Born in Rabat, Morocco, HELENE E. HAGAN attended high school in Morocco, obtained two Baccalaureates in French and Philosophy with Honors and pursued her education at Bordeaux University, France, where she received a License-es-Lettres in British and American Studies, also with Honors. She holds two Master’s Degrees from Stanford University, California, one in French and Education, (1971) and the other in Cultural and Psychological Anthropology (1983). After conducting fieldwork among the Oglala Lakota people of Pine Ridge Indian Reservation, she worked as Associate Professor at the JFK University Graduate School of Psychology in Orinda, California, and owned an American Indian art gallery in Marin County. She has served as President of the non-profit educational organization, Tazzla Institute for Cultural Diversity, since 1993. She has written numerous newspaper and magazine articles, three anthropological books on Berber (Amazigh) culture and filmed, edited and produced over fifty community service television programs on a variety of topics related to American Indian and Berber cultures, arts, and human right issues, through Amazigh Video Productions of Burbank. Helene Hagan is a lifetime Associate Curator of the Paul Radin Collection at Marquette University Special Archives. In 2007, Helene was a guest Professor for the First Berber Institute held at the University of Oregon, Corvallis. In 2008, she created the Amazigh Film Festival USA which annually celebrates the indigenous Amazigh (Berber and Tuareg) cultures of North Africa and the Sahara Desert.

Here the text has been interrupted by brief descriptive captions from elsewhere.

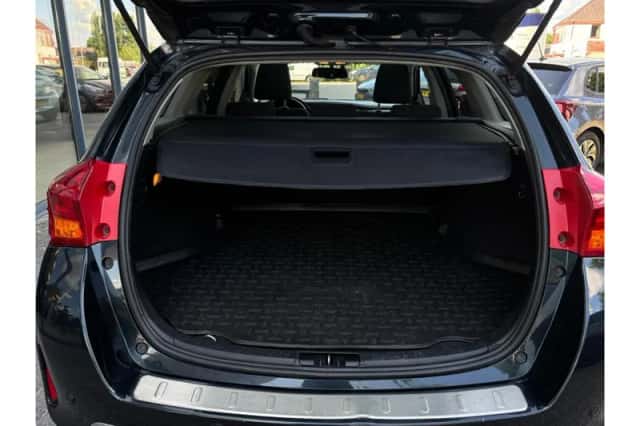 Toyota Auris (2014) thumbnail 6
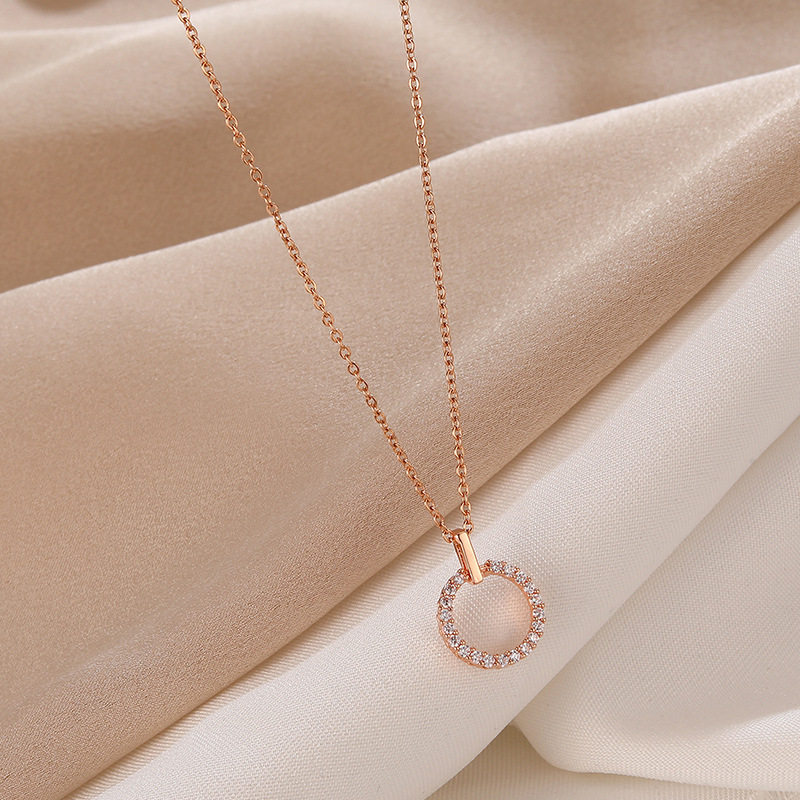 Korean titanium steel necklace female Net red temperament ins cold wind niche design sense clavicle chain rose gold pendant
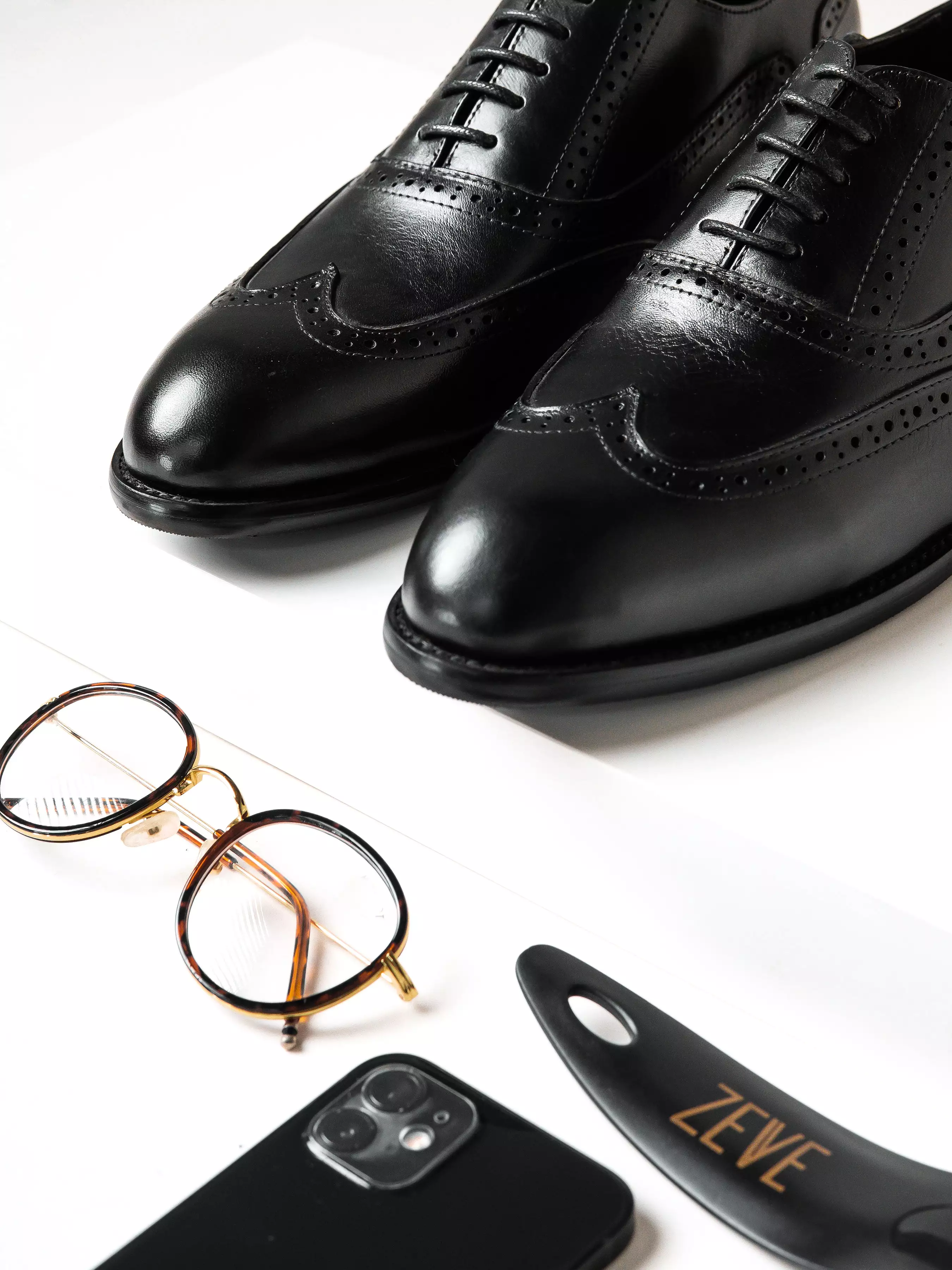 Oxford Brogue Wingtip - Black Lace Up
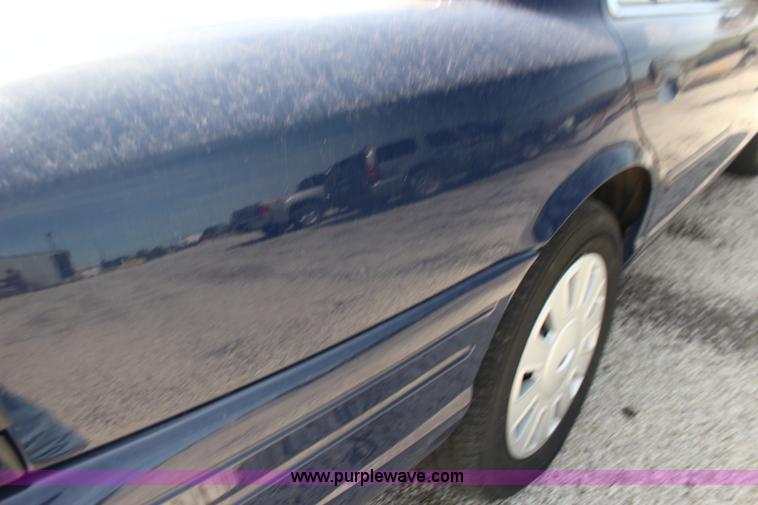 image for item F7911 2011 Ford Crown Victoria Police Interceptor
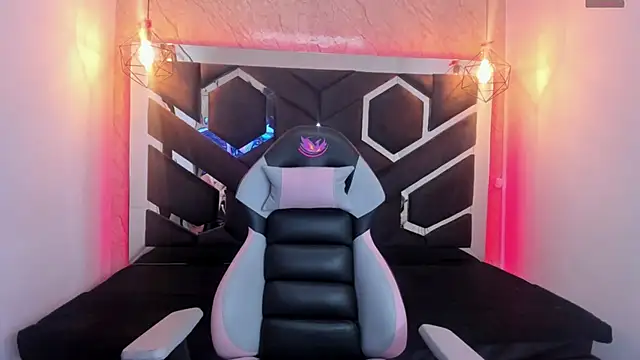 lilith nv online show from 02.22.25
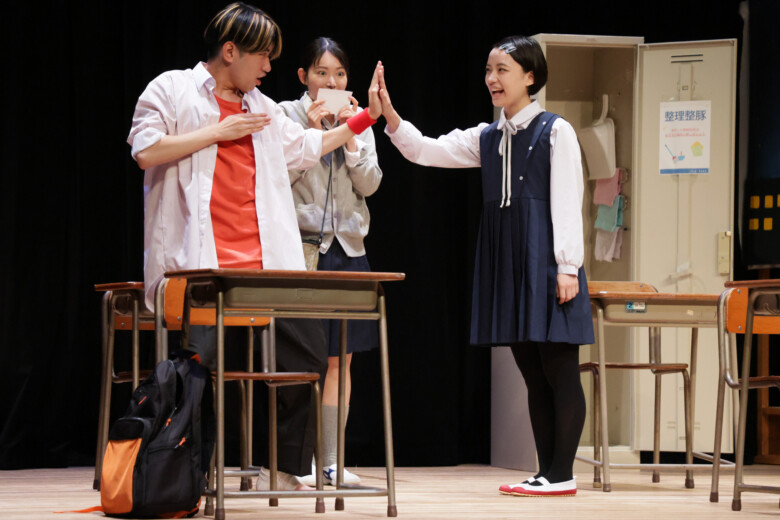 ロロ『校舎、ナイトクルージング』撮影：岩村美佳
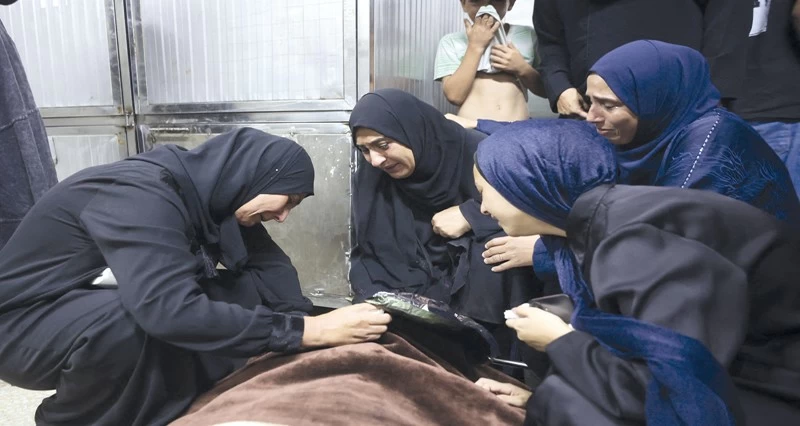 13 شهيدا بينهم عائلة كاملة فـي غزة و&raquo;إسرائيل&raquo; تكرس تقسيم القطاع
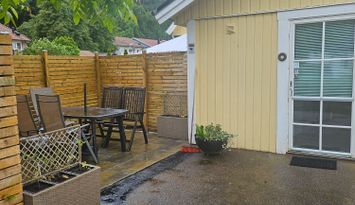 Tennis, uteliv och bad i BÅSTAD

Other four books by this author published by Xlibris: “The Shining Ones: Etymological Essay on the Amazigh Roots of Ancient Egyptian Civilization” (2000), “Tuareg Jewelry: Traditional Patterns and Symbols” (2006), “Tazz’unt: Ecology, Ritual and Social Order in the Tessawt Valley of the High Atlas of Morocco” (2011), and “Fifty Years in America, a book of Essays” (2013).